Loss and Unconditional Love

April is Autism Awareness month, so I decided to write a post about how it feels to be the parent of a child with special needs.

I waited a long time to become a mom. I had this grand plan in store, career first then children. When I finished student teaching and got my first job at LBJ, even then, having a child seemed so distant. I wanted to enjoy my job and be the best at it, going to trainings, learning more and more on ways to engage and inspire young minds. Tyler arrived in 2005. I waited so long for him and when I returned to work, I struggled. I had always loved my job, but missed Tyler so terribly. By the end of the year, I made the decision to resign my position and become a stay-at-home mom. Even with all of the struggles I have had, this was the best decision for me --it gave me quality time to spend with Tyler and later take him to all of his therapy appointments.

I cherished every moment of my time with Tyler. We had play-dates, went to story time at the library, went to the park and just enjoyed life. Things began to change when he was 2 ½ -- tantrums, crying, screaming and not enough words. I knew something was wrong. We went to Tyler’s pediatrician and I expressed my concerns with his language development and all of the tantrums he had been having. He was diagnosed with an expressive language delay and we were sent off to 2 specialists – an audiologist and a speech pathologist. As I thought, his hearing test came out within the normal range. But, the results of his speech testing were not so good. He was diagnosed with a severe expressive and receptive language delay and this is when my world began to shatter. I knew something bigger was looming. At the time, I just couldn’t wrap my head around it. At this time, I as five months pregnant with Luke and was consumed with guilt and extremely emotional. I should have been ecstatic to be having another baby, but all I could do was worry about Tyler and feel sad.

Tyler started speech therapy in December 2007. He progressed steadily with his language, although still behind that of his peers. We were still having behavioral problems as well. I started reading every single book I could get my hands on about language delays and came across books on autism, all of which I read. Tyler’s speech therapist told me about the school program, PPCD (Preschool Program for Children with Disabilities) and I set up his testing date. I remember his first testing all too well, I left in tears. The diagnostician and speech therapist tested him for 15 minutes and then told me he needed further evaluation. I was floored that they spent such a short amount of time with him, yet knew something was terribly wrong. In June, the district evaluated him and then in July, an Occupation Therapist and Pediatric Neurologist. The results all came in within a few days of each other – Autism with Asperger’s like characteristics (AISD), Autism (neurologist) or sensory processing disorder (OT). It was at that moment that my entire world changed, that I became an advocate, not only for my son but for children with special needs.

Being the parent of a child with special needs is incredibly challenging, yet I would not trade it for the world. I would not even know what to do without Tyler! He has taught me so much about patience, acceptance, understanding and unconditional love.

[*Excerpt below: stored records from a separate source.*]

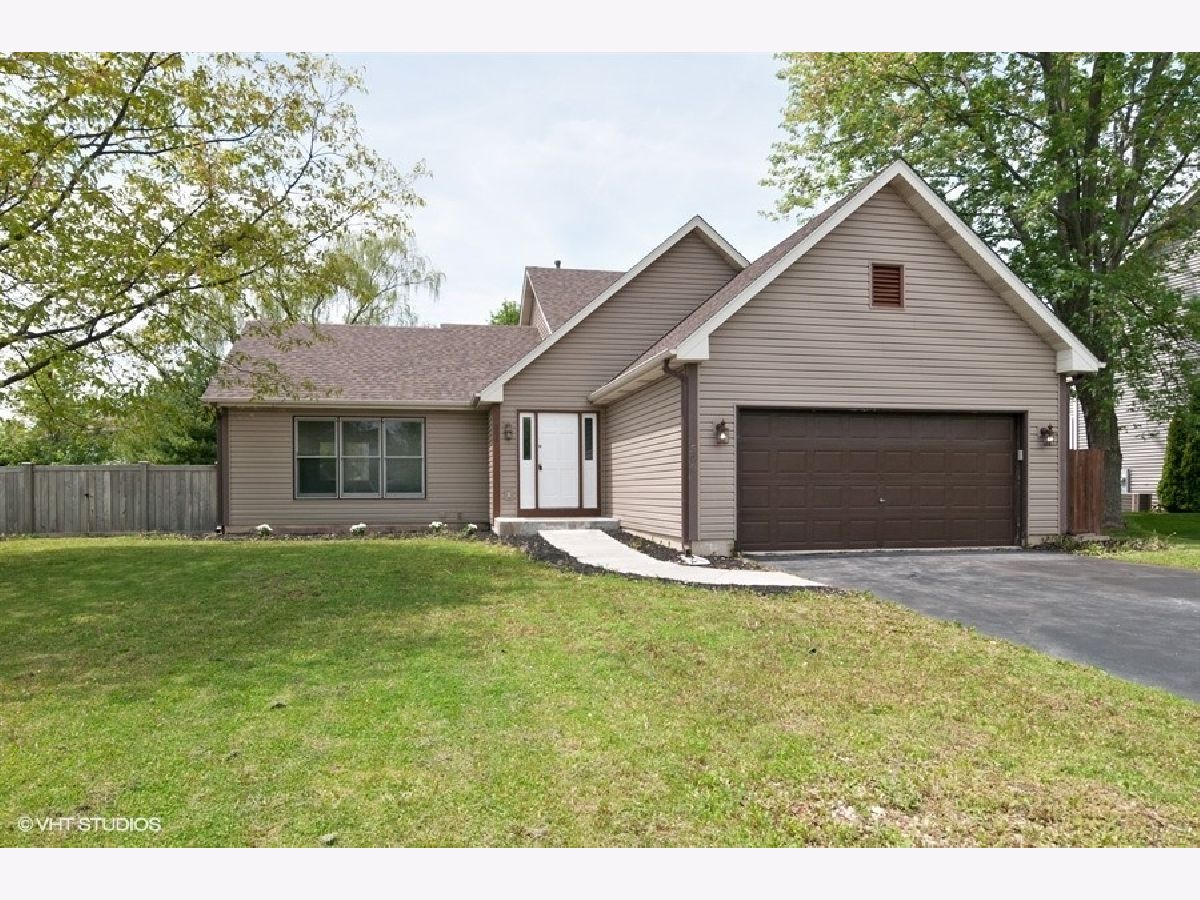 Homes Rented Pine Creek North Aurora Illinois, 506 Pinecreek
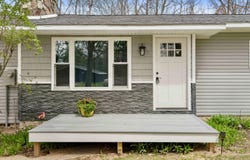6830 Elmwood, Indian River, MI 49749
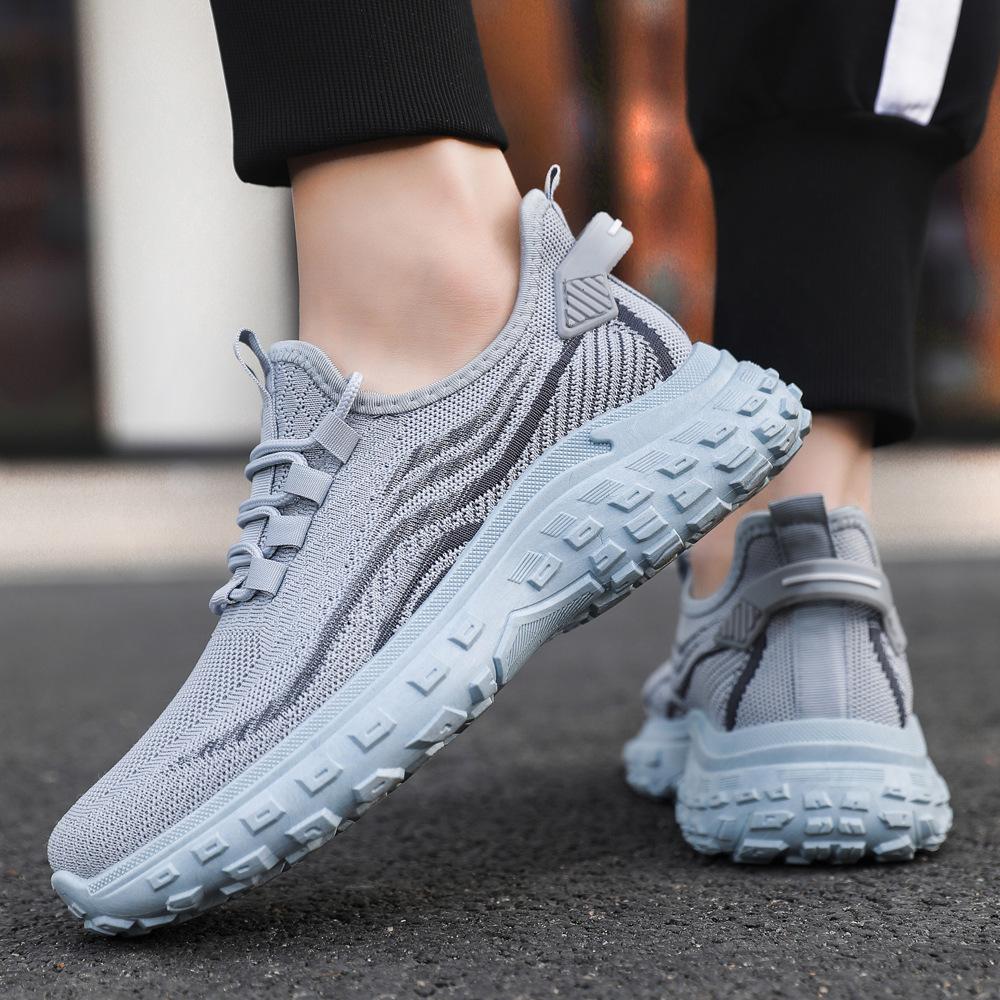 Surface en maille respirante Confortable Chaussures pour hommes Légères Tout à la mode Jeunesse Mode Décontracté Chaussure simple Chaussures de sport pour la course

As a parent of a child with autism, I am constantly aware of the surroundings and hyper vigilant. Will this place be too much for Tyler? Will he become over-stimulated, will he tantrum, become anxious? What will set him off? You always walk on egg shells, never knowing how things will go. Will you ever have a carefree, easy day? Those are not in the cards, my friend. You also feel incredibly helpless, like you can’t ever do anything to fix it, since autism is incurable. Your mind racks with worry at the future, will your child be able to function independently in society? Will he be teased, harassed because he is different? You become fierce and strong, able to conquer or do anything you set your mind to. You also try to blow off the stares, the rude comments, which sometime set you off and make you enlighten an idiotic bystander. Sometimes I REALLY enjoy doing this and seeing the look on their faces when I get krunk with them, but in a nice way. And then there is the guilt. Am I doing enough to help my child? Will he ever get better? Did I do something to cause this? It is incredibly hard! Yet this is my life, the life of a parent who is lucky enough to call the sweetest, most intelligent little boy who happens to have autism her own. Some may say I’m unlucky, but I would have to disagree. I feel blessed beyond belief.